(Beginning of SUPPLIED INFORMATION)
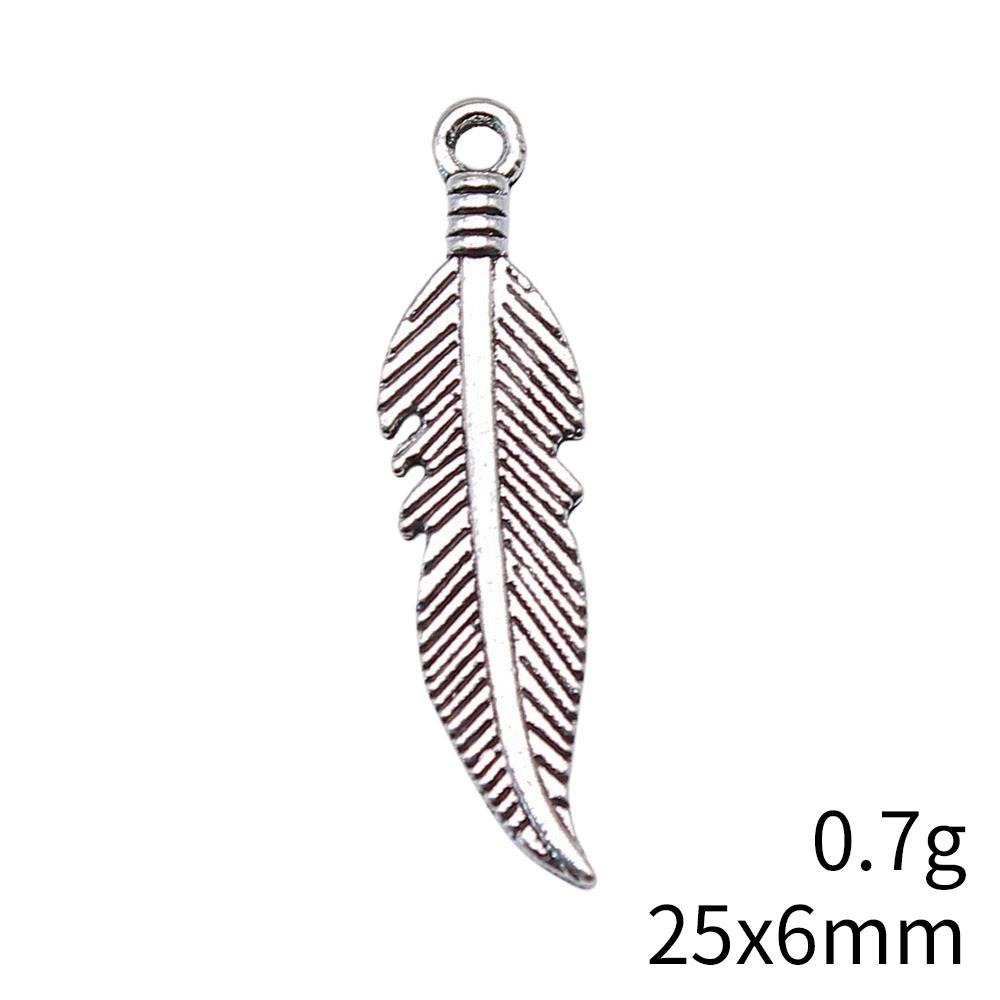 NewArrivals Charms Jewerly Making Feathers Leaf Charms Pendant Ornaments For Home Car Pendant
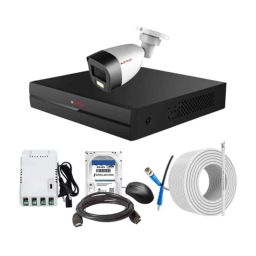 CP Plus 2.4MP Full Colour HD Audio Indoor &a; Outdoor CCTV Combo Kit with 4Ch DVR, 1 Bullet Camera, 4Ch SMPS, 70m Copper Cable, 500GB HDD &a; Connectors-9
(End of SUPPLIED INFORMATION)
(Beginning of SUPPLIED INFORMATION)
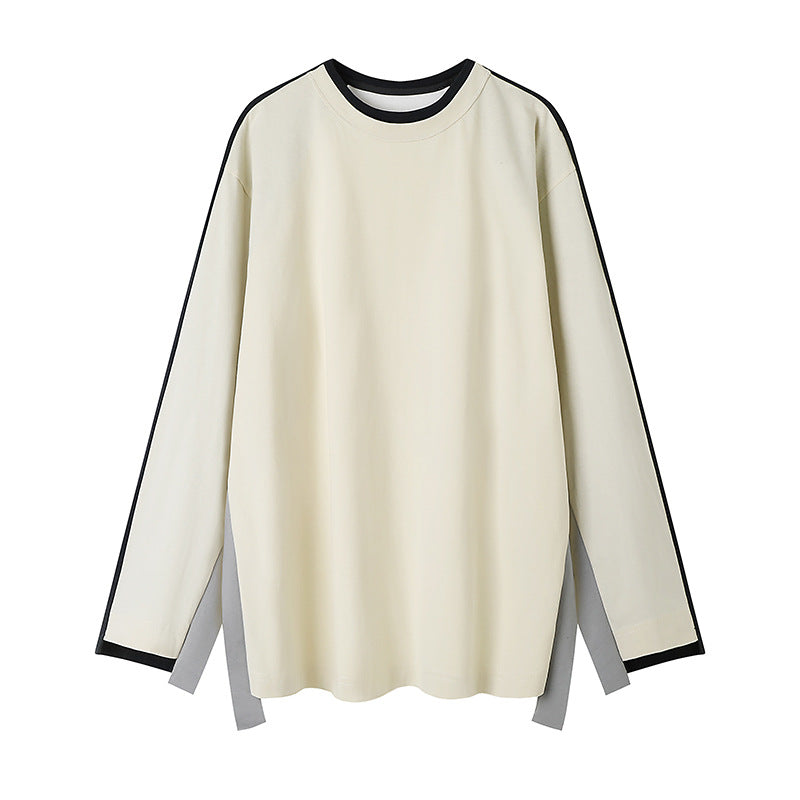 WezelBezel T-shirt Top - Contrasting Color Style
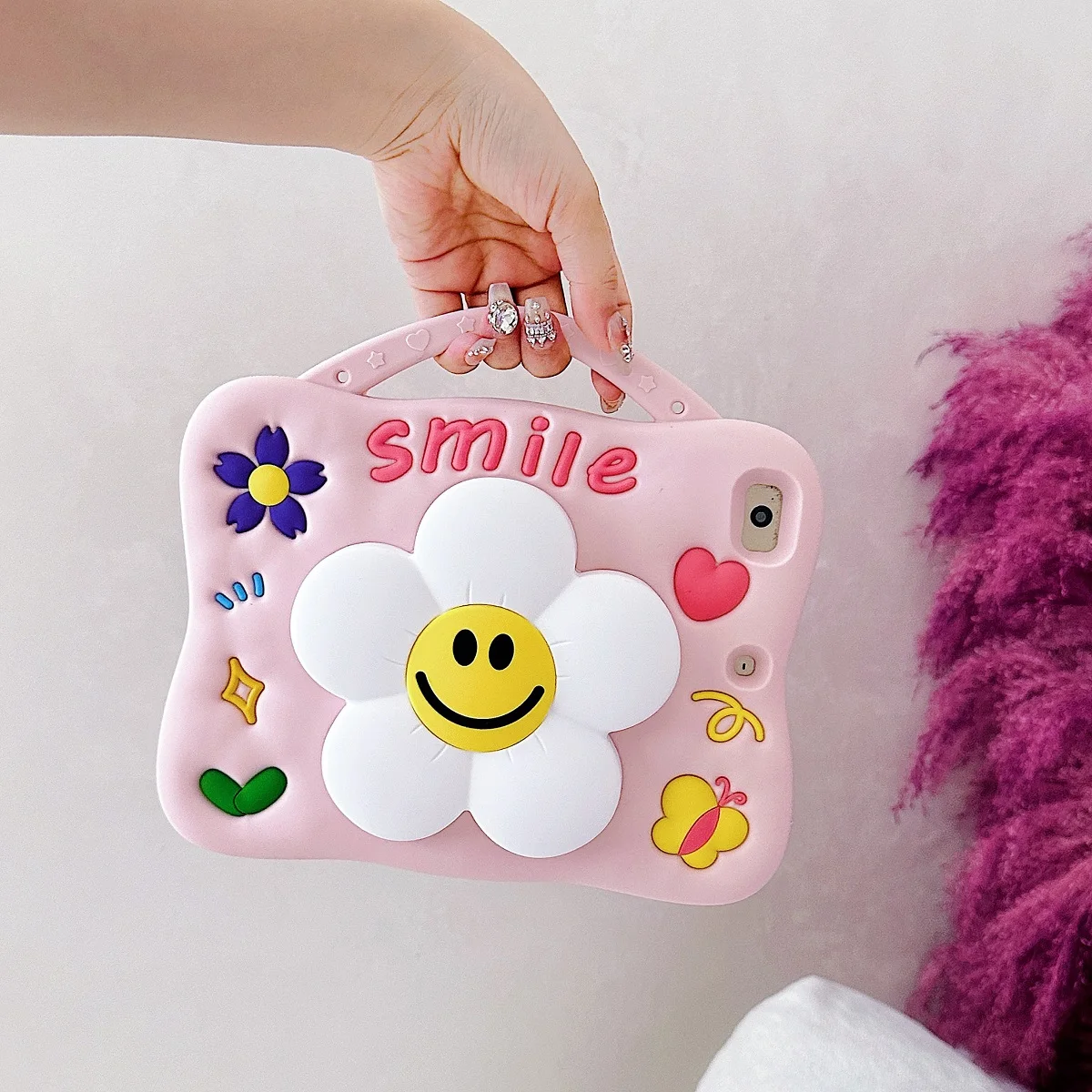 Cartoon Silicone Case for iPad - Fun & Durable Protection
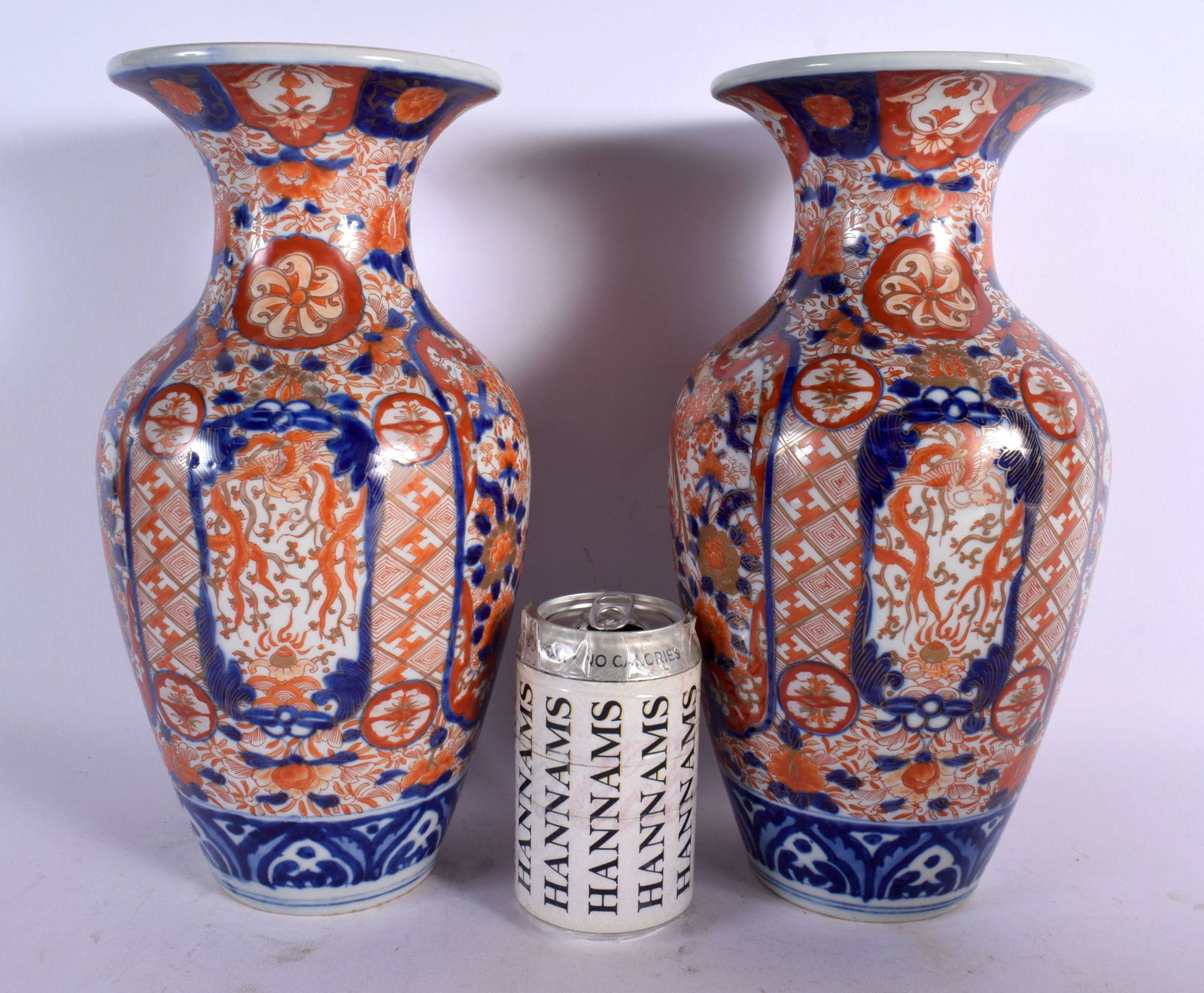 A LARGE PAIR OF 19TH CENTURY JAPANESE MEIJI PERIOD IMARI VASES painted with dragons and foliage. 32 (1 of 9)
(End of SUPPLIED INFORMATION)
(Beginning of SUPPLIED INFORMATION)
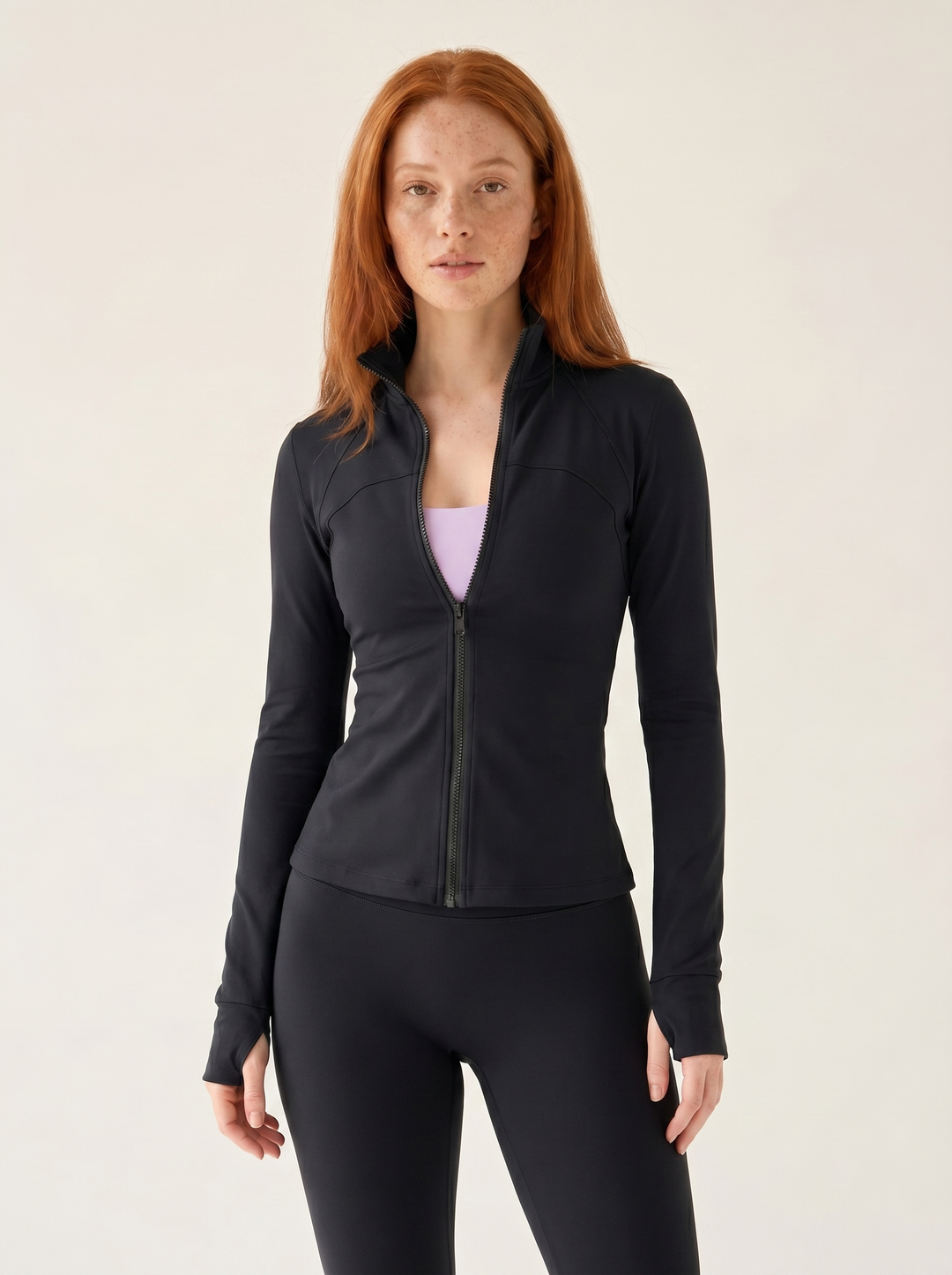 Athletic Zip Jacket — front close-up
(End of SUPPLIED INFORMATION)
- INSTRUCTIONS TO FOLLOW
In the entries above, find the line containing "WezelBezel T-shirt Top" and the line containing "A LARGE PAIR", then copy both and every line between them exactly, without any picture.

- EXERCISE SOLUTION
 WezelBezel T-shirt Top - Contrasting Color Style
 Cartoon Silicone Case for iPad - Fun & Durable Protection
 A LARGE PAIR OF 19TH CENTURY JAPANESE MEIJI PERIOD IMARI VASES painted with dragons and foliage. 32 (1 of 9)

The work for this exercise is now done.